NO WRITER ATTRIBUTED

The five speakers at Friday's aborted Counter Teach-In aired their planned statements over WGBH radio later that night.

"The Vietnamese as a people have to be carefully evaluated to know their role in the Vietnam war," Dolph Droge, White House adviser on Southeast Asian affairs, said.

Droge turned to history for the justification of U.S. intervention in Vietnam. He said the U.S. experience in Korea made involvement in Indochina in 1954 "logical and consistent."

Droge defended the partition of Vietnam, prohibited by the Geneva Convention, by the assertion that South Vietnam never signed the treaty and therefore is not bound by it.

"Ho Chi Minh and the French were the only signers of the Geneva Convention. South Vietnam never agreed to the Convention and rejected the idea that it should automatically fall under Communism," Droge said, defending partition of Vietnam.

"The South Vietnamese have a record for a great passion for regional diversity. United States policy is consistent with this," he added.

"We have won the war militarily many times over," Droge said, saying that-since Vietnamization will supposedly soon replace military action with political activity by Asian- antiwar activities are now unnecessary.

Unlike Droge, Dan Teodoru, Eastern Director for the National Student Coordinating Committee, urged continued heavy American military involvement in Southeast Asia. "We have to show that as a great power we are going to stop the Communist advance. That is the issue for the rest of the world and for America," he said.

Teodoru discounted questions of the morality of the war, preferring to consider its pragmatic aspects. "The rest of the world will see how the United States fulfills its commitments," he said. "They do not question the wisdom of the commitment. They recognize the mistakes of the U.S., but are more concerned with how it rectifies those mistakes in achieving its goal."

Anand Panyarachun, Thai Ambassador to Canada and to the United Nations, and Nguyen Hoan, political aide in the South Vietnamese embassy in Washington, emphasized their desires for peace and willingness to compromise. "We have done everything we can at Paris and have come out with so much good will and so much initiative," Hoan said.
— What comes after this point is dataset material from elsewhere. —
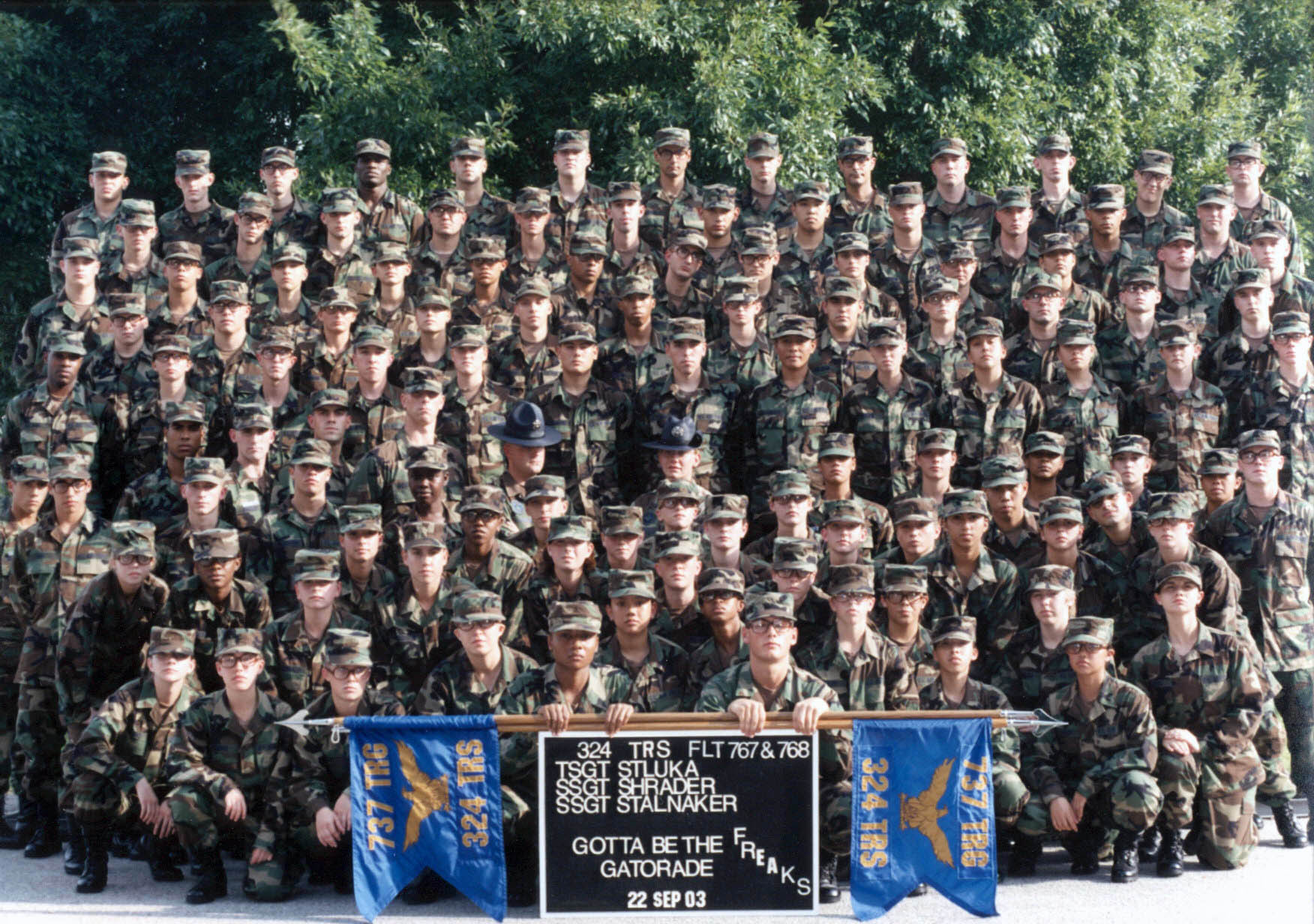 2003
"The Communists want us to give up everything, to put up with a coalition government. This is not going to happen," he added.
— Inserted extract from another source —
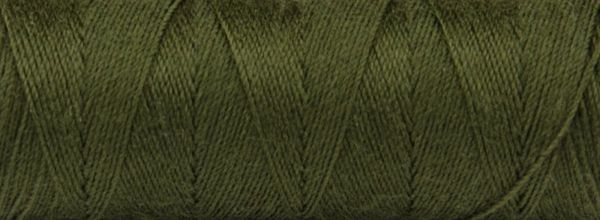 Нитки отделочные Aurora Talia №30, 70 м, цв. 756, 5 катушек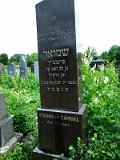 Uzhhorod-Section-4-tstone-1114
The cancellation of the teach-in was "a sad episode," Panyarachun said. "While we were being accused of being murderers, freedom of speech was murdered by a minority group."
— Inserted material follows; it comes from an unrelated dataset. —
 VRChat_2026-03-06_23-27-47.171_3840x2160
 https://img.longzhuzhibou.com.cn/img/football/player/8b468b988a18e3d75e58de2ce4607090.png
"It was tragic that the flag of the Vietcong was flown in Sanders Theatre, for that flag represents the principles of Lee Harvey Oswald and Sirhan Sirhan to many South Vietnamese," Droge said.

According to I. Milton Sacks, professor of Government at Brandeis University, the right of free speech was jeopardized by a "group so far out of the way it doesn't even support the South Vietnamese National Liberation Front." Before leaving the teach-in Friday night, Sacks chanted "Sieg Heil" at the protestors.

The cancellation, Teodoru said, was an "indication of what the intellectual and academic strata have become."

"I have never seen such a bunch of nuts in my life. They didn't care for the facts. They were only interested in saying that Nixon's a liar," he said.